People of the desert and people of the Arctic could not be more different, and yet, they are both united by an innate awareness that one cannot survive tough environments unless we rely on others and others rely on us.

We treat our terrains and climates with humility, and we have worked with our natural resources and environments to develop our countries and communities. Furthermore, we have endeavored to ensure our national agendas are founded on a bedrock of sound, sustainable policies.

However, in today’s world, countries can ill-afford to operate in isolation, as the global economy is connecting civilizations and cultures in an unprecedented and inextricable manner. We simply cannot ignore the external changes and events to our planet and people, and must have the courage to take a long, hard look at ourselves and our legacy.

For example, our world still has 783 million people in poverty. On the one hand, there is more food on the planet than at any point in human history and on the other hand, hunger is on the rise – with 821 million people reported by the United Nations as under-nourished in 2018. And the urgent need to address global warming whilst working toward achieving the UN’s Sustainable Development Goals (SDGs) has never been greater.

Global challenges related to climate change, poverty, inequality, energy, water, food security and health are accelerating the need for all of us to work together to find sustainable solutions.

To this end, the leaders of the United Arab Emirates, much like their counterparts in the Nordic countries, have always recognized that the most sustainable solutions emerge through a process of cooperation.

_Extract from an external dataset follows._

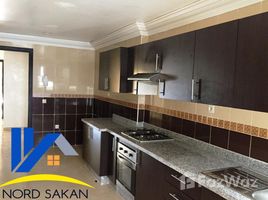 2 спален Квартира в аренду в bel appartement à louer de 115M2, Na Charf, Tanger Assilah, Tanger Tetouan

Historically, the UAE has demonstrated extraordinary stewardship to support global humanitarian causes through agencies such as the Abu Dhabi Fund for Development, which is a foreign aid agency that provides concessionary loans to fund economic and social development projects.

More recently, many of us are familiar with initiatives such as the Zayed Sustainability Prize (formerly Zayed Future Energy Prize), which I have been privileged to have chaired since 2011. In my capacity as chairman of the Prize, I have worked with several Emiratis leaders, who are committed to identifying ways and means to address our collective challenges.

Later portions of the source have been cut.